Nothing that has shaped me is something I can touch. The fear I felt at the precarious distance of my parents marriage, the adrenalin surge of standing on a stage in front of people I didn’t know weighed down and at the same time rocket propelled by the expectation. The numbness I couldn’t feel as I heard the nurse tell me my mother was dead and the bewilderment that life seemed to be carrying on around me anyway. The absolute stillness of the Sunday when my father died and I sat with him on the sofa. He just looked as if he was asleep. I still often think he is just asleep but frequently feel a desperation that he would just wake up, just for a few minutes. The feeling of safety when self disclosure reached new proportions but my closest friends stood by and held the space, the electric surge in my chest that confirmed I really was in love, the heady joyous exhaustion and abject terror when my children were born and I was faced with responsibility the like of which I never experienced previously or since. The desperation that the laughter would stop when I could scarcely breathe at something so comical that it became a self generating loop of joy, layer upon layer of humour multiplying the strength every time I replayed the lines in my mind like a deeper and deeper trench of mirth from which it was impossible to find escape. The relief when I knew I could stop falling because someone would catch me, the terror that there was no end to the ever faster journey to the ground. The sheer excitement at a goal so sought that in my enthusiasm to celebrate I knocked the lens out of Martin’s glasses, the exuberance of youth and the certainty of impenetrability so strong that the morning after didn’t matter as long as the night before was lived to its fullest potential. A beautiful loaf emerging from the oven, a new chord discovered, a walk in the park taken aback by its gorgeousness despite its familiarity, the first feeling of autumn across my shaven head knowing that it’s time for a hat. There is no end to this list, no end. If I listed everything I own it would be finite and quickly completed, but more than that it would be as dull as the ache we feel when something bad has happened but, in those first few seconds after waking, we haven’t fully remembered its awfulness.

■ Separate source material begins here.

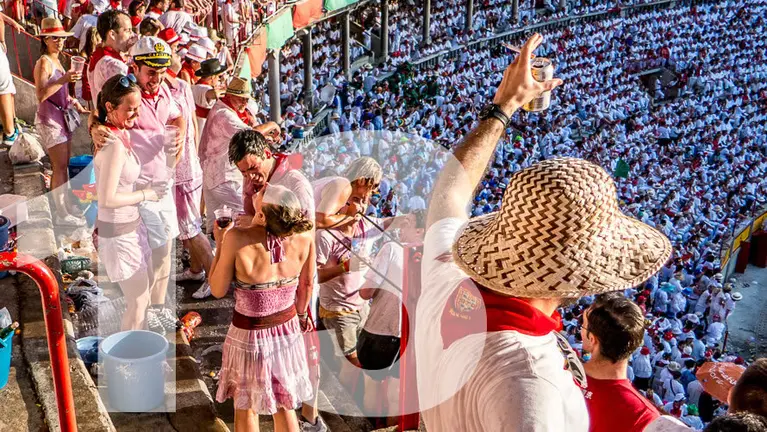 Tendido de sol de la plaza de Toros de Pamplona en San Fermín. Sanfermines. ÍÑIGO ALZUGARAY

If you are short of anything in your life you cannot fill it in through things you can only do it through having experiences. They don’t need to be elaborate or expensive, they just need to be real. Meeting a friend, having a conversation, watching a film, sharing a meal or a coffee, walking, laughing, creating, thinking. All of these will change you and when things do not feel right it is change that we seek rather than some sort of misguided completion. We cannot be fulfilled by things which come from outside of us and the physical is, by definition outside. We become different, changed, more balanced when we work on what is inside and it is only experience that can alter us in this way.
Just this week I can’t think of anything physical which I have bought although I know I must have, but my experiences this week have been far too many to count. I only saw the group of Jews for a short time but they reminded me in the most wonderful way that there is a direct correlation between the vigour with which we approach our life and the joy and satisfaction we derive from it.